Mr Mudavadi last week announced he was quitting ODM and on Saturday he said he would announce his new party next week.
“I will be in the presidential race. I need your support and prayers so that the party I will be unveiling next week can enjoy support and eventually form the next government,” he said at national women’s conference at the Pentecostal Assembly of God Church headquarters in Nyangori, Vihiga County.
But Justice minister Eugene Wamalwa too is counting on the Luhya community for support in his presidential bid.
With this new development, opinion is divided on the political implications of Mr Mudavadi’s exit from the Orange party.
Masinde Muliro University lecturer Prof Egara Kabaji says the DPM risks denting his image as a national leader and thus hurt his presidential campaign if he positions himself as a tribal chief.
Prof Kabaji said Mr Mudavadi’s campaign to unite the Luhya community would fail. “Leaders from Western have learnt to follow the people.
“The (Luhya) people don’t follow their leaders, and that is why attempts by Mudavadi to galvanise a tribal constituency like what Uhuru and Ruto have done with their communities will fail,” he said.
Fight against impunity
“The community supported Narc and later ODM ideas because they were attractive to them.
“That is why Raila will still have votes from the area even without Musalia because the ODM idea of change and fight against impunity is still in the hearts of many,” he said. Prof Kabaji sees a Wamalwa candidature as inconsequential.
“Wamalwa is a creation of the G7 alliance. He has however failed to capture the hearts of residents of the area and that is why Housing minister Soita Shitanda and Ikolomani MP Boni Khalwale have abandoned him and instead embraced Mudavadi, whom they want to cling on to for political survival,” he told the Sunday Nation.
Mr Wamalwa has consistently said he will be on the ballot and that the DPM should not expect him to step down for him. Mr Wamalwa wants to run on a New Ford Kenya ticket.
Former nominated MP Mark Too has thrown his weight behind Mr Mudavadi and is urging the Luhya community to support him. Mr Too was in Kakamega last week when the DPM announced that he would leave ODM.
“Eugene should give Mudavadi an opportunity so that the Luhya community does not go to the elections divided,” Mr Too advised.
Dr Martin Mulwale, a lecturer at Maseno University, said Mr Mudavadi’s delay in naming his new party has created the notion of an indecisive leader. Dr Mulwale added that the DPM had failed to unite the Luhya.
“Immediately after he met MPs from the region, a group of legislators broke ranks with him and declared they would stick with ODM,” he observed.

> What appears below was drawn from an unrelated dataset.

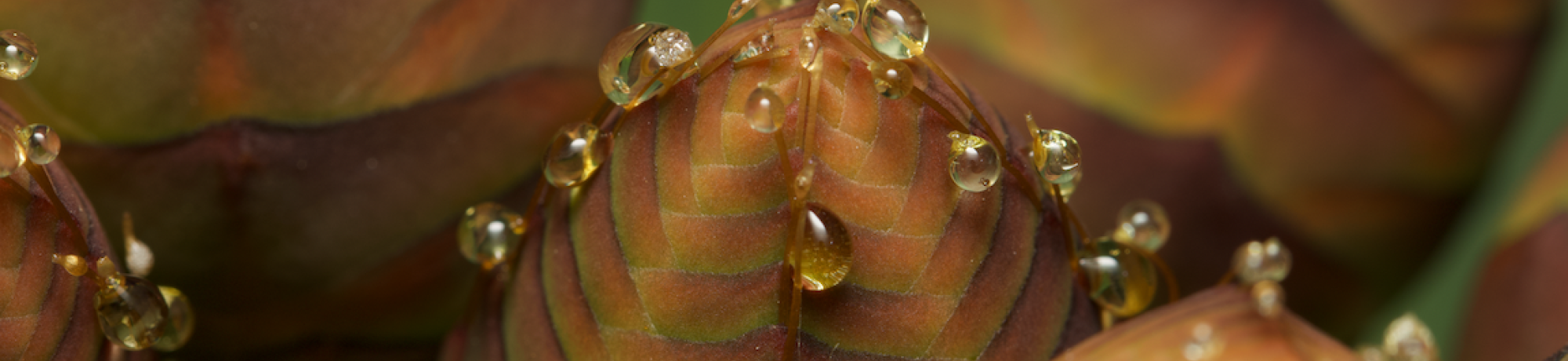 Close-up view of Welwitschia male cones, showing reddish-brown overlapping bracts with vibrant amber-colored nectar droplets forming at the tips and ridges. The nectar glistens in the light, highlighting the plant's intricate textures and patterns.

Some ODM MPs from Western Province have announced they would stick with the party. “We urge our brother Mudavadi to remain steadfast in ODM, of which he is deputy party leader.
“We have no doubt whatsoever that he has a bright political future, which would be best realised within ODM,” said Planning minister Wycliffe Oparanya.

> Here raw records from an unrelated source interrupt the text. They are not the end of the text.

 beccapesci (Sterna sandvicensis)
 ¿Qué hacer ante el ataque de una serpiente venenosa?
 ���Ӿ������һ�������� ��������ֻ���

Another MP who is against Mr Mudavadi’s departure is ODM Parliamentary Group secretary and Budalang’i MP, Ababu Namwamba.
“We believe that the DPM has a clear future in ODM,” Mr Namwamba said.
But former Trade minister Mukhisa Kituyi, who is a Mudavadi ally, said all Luhya MPs in ODM should decamp with Mr Mudavadi, since they joined the party on the basis that he was their leader.
“Mudavadi is our point man as a community in ODM so no leader from Western has any business sticking in that party with his exit,” Dr Kituyi said.
Bungoma county council chairman Meshack Museveni, who is a confidant of Trade minister Moses Wetang’ula, said Ford-Kenya party stands for Luhya unity and the party had opted to stand with Mr Mudavadi “who is pursuing the same cause”.
“We may give him our support if he identifies a party like ours with a national outlook to work with,” Mr Museveni said.